3. The canonical two-periods, two-groups DiD

               a. Role of identifying assumptions: no-anticipation and parallel trends

               b. Implementation via simple comparison of means

               c. Implementation via regressions

4. Role of covariates in DiD setups

               a. Allowing for covariate-specific trends

               b. Pitfalls of two-way fixed effects linear regression specifications

               c. Estimating treatment effects using the outcome-regression

               d. Estimating treatment effects using the inverse-probability weighting

               e. Estimating treatment effects using a doubly-robust approach

5. DiD with variation in treatment timing

               a. What are the causal parameters of interest?

               b. What type of parallel trends are we willing to impose?

               c. Pitfalls of two-way fixed effects linear regression specifications

               d. Recovering meaningful causal parameters

               e. Highlighting treatment effect dynamics via event-studies

               f. Highlighting other sources of treatment effect heterogeneity

6. Other DiD topics (if time allows):

               a. Design-based inference in DiD settings

               b. DiD with violations of the parallel trends assumption

               c. When is parallel trends sensitive to functional form?

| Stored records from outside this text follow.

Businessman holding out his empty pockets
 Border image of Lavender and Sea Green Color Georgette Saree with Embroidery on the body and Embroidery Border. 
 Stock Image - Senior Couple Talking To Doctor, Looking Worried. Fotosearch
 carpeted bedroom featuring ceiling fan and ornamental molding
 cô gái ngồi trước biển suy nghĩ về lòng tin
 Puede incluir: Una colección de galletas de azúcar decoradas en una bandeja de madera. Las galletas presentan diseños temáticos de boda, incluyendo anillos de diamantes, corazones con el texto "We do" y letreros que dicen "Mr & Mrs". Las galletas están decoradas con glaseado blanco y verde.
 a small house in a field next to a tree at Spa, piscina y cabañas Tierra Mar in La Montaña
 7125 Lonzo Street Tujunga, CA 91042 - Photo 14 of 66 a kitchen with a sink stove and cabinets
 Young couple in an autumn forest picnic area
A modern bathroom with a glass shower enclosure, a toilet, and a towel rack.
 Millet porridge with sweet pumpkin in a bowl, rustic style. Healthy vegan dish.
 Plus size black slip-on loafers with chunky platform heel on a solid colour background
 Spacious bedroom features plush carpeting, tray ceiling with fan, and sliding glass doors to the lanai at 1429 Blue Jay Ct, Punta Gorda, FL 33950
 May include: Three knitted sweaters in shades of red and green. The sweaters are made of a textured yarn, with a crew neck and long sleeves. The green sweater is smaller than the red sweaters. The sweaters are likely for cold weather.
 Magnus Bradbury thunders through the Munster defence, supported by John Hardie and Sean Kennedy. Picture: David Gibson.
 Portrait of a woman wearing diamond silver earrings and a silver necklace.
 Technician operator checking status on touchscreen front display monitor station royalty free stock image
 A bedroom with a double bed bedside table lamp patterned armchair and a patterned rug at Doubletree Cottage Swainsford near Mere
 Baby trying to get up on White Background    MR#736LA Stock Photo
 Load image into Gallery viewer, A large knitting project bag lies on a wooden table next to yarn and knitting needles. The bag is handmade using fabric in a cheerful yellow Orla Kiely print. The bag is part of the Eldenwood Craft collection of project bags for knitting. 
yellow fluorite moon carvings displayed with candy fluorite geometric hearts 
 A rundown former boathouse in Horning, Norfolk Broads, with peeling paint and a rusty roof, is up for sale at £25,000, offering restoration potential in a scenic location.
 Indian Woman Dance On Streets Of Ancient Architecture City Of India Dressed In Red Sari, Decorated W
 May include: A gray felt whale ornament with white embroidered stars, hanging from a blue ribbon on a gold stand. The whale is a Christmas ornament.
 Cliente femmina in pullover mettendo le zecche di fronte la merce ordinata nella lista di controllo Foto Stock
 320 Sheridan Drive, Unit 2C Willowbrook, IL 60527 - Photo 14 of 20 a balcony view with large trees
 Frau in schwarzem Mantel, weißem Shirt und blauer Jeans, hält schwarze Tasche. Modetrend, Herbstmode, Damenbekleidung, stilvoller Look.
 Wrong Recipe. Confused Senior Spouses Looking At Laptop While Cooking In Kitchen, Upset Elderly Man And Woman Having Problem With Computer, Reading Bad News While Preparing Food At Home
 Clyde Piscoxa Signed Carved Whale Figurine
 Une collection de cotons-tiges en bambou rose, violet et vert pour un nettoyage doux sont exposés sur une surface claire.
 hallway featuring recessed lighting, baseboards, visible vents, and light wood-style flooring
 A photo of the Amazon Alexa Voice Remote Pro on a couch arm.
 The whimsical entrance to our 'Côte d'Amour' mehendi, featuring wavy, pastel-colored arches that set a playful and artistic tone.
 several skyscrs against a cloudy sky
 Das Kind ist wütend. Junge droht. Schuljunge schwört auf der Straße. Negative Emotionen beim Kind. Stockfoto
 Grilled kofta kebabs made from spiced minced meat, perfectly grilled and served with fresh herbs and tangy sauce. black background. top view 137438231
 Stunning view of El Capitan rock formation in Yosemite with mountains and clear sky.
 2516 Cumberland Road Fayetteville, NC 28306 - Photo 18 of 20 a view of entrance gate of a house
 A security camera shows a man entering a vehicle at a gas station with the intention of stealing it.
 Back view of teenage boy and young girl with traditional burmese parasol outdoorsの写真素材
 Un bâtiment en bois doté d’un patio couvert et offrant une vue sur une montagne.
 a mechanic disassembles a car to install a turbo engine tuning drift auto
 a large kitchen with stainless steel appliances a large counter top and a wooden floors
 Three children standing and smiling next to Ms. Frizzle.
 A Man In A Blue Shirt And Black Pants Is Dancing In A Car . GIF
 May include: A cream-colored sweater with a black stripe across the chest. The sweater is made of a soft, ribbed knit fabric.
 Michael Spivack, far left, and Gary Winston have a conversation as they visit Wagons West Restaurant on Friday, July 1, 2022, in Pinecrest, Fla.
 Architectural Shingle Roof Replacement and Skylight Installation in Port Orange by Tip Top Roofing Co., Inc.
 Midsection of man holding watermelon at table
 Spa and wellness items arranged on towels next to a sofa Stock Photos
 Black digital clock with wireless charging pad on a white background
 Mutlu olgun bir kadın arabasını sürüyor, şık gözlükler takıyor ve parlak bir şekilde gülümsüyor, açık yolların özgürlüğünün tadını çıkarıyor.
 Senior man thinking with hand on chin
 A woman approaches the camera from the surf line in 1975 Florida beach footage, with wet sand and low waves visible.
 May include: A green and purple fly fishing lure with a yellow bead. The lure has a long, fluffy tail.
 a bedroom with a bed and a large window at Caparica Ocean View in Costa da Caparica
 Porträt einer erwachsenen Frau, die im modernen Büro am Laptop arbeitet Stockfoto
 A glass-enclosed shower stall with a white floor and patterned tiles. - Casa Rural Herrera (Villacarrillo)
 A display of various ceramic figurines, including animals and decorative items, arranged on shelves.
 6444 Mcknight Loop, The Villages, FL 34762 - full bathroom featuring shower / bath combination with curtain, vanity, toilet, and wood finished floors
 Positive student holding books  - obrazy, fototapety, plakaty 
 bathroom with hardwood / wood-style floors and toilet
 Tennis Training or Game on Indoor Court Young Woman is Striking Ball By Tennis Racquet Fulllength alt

               d. Distributional DiD methods

               e. Fuzzy DiD


“If you want to learn DiD, this is the course. Pedro is a star in this field, and he explains classic DiD and recent developments in concise and intuitive ways.”
  Anibal Perez-Linan, University of Notre Dame

“This is an excellent course. I was already familiar with DID models, but the course provided new developments I was not aware of and that I found very useful. I will use these new methods in my work.”
  Gustavo Angeles, UNC, Chapel Hill

“This workshop was very practical with state-of-the-art content. Pedro is an excellent speaker.”
  Soumyadeep Sinharay

“Awesome blend of hands-on treatment of estimation and background. Our lecturer gave a top overview of the recent developments and literature, which I could not have digested so quickly on my own.”
  Juerg Schweri, Swiss Federal University for Vocational Education and Training

“Very nice overview of recent and important literature on a workhorse model in applied micro from one of the leading researchers in the area. Pedro was also extremely helpful and very responsive to questions.”
  Austin Bean, Temple University

“Pedro is a great instructor. I really liked that he took the time to answer people’s questions in depth and the content was well adapted to the diverse crowd.”
  Sue Marquez, The Rockefeller Foundation

“The professor was interesting and provided a good overview of the basics before jumping into more complex material.”
  Becky Dvorak, HumRRO

“The depth of knowledge illustrated by the teacher was phenomenal. Pedro was willing and able to answer a very wide field of questions on the topic clearly and in detail.”
  Robert Wishart, Wishart Research Consulting

“What I liked the most about this seminar is all theories/assumptions and estimation procedures, which were explained very clearly for conditional parallel trend in the 2×2 setting. I really learned a lot!”